El discurso de Jesús sorprende al pueblo y produce en él sentimientos contradictorios, que le llevan desde la rabia al entusiasmo, desde el odio a la euforia, desde el deseo de despeñarlo hasta el seguimiento incondicional, desde la decepción hasta el asombro. Muchos le seguirán «Señor, a dónde vamos a ir. Tu sólo tienes palabras de vida eterna». Otros le rechazarán «Los fariseos se confabularon con los herodianos contra él, para ver cómo eliminarle». Jesús mueve a unos a la entrega absoluta y a otros al rechazo más rabioso y cruel.

A lo largo de la historia, unos quieren despeñarlo, otros le siguen, fascinados, por sus palabras y sus obras.

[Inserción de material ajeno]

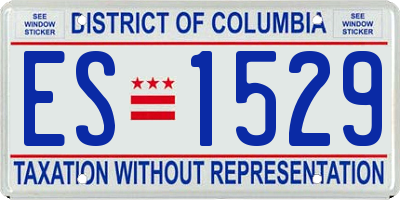 DC license plate ES1529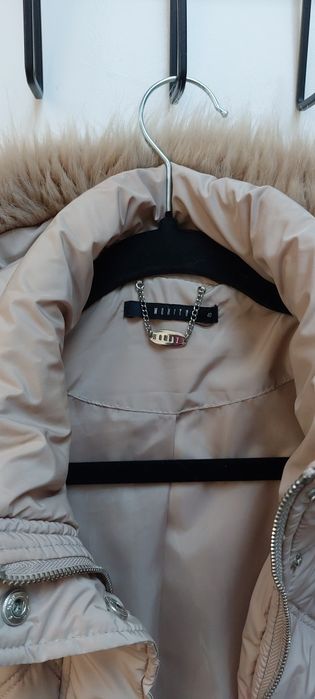 Kurtka, płaszcz zimowy z kapturem pikowana MOHITO rozm.40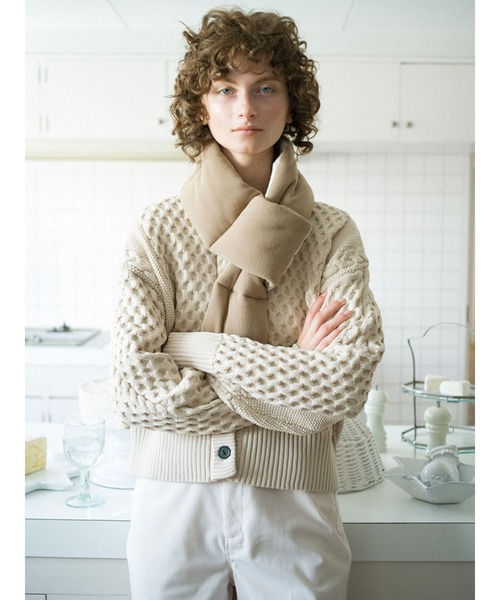 Lugnoncure(ルノンキュール)の「無撚糸ケーブルカーディガン(カーディガン/ボレロ・レディース・オフホワイト/イエロー/ブルー/ブラック・フリ-)」の15枚目の写真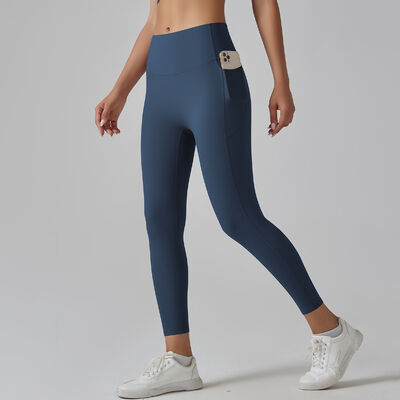 Quality Soothing Polyamide Yoga Pants with Breathable Fine-Knit Technology for Christmas Gym Workouts factory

Quien se ha dejado tocar por Jesús, se siente transformado y liberado por él. Experimenta un cambio de vida tan gozosa, que es capaz de invertir la orientación de todo su ser. La escena del lago, la reacción de los discípulos ante el milagro de la pesca abundante, sobrepasan la simple historia del acontecimiento, para transportarnos al mundo de la vocación. Como respuesta a la llamada de Dios. Como Isaías, Pablo, Pedro y miles y miles de hombres y de mujeres optamos por responder a la llamada con aquellas palabras del profeta: «¿a quién enviaré»? Aquí estoy, mándame». Con la ayuda del Señor, seremos capaces de vencer el miedo que supone remar mar adentro, fuera de la seguridad de la tierra cercana y de reconocernos pecadores, como Pedro, ante un Dios que nos quiere y nos abraza.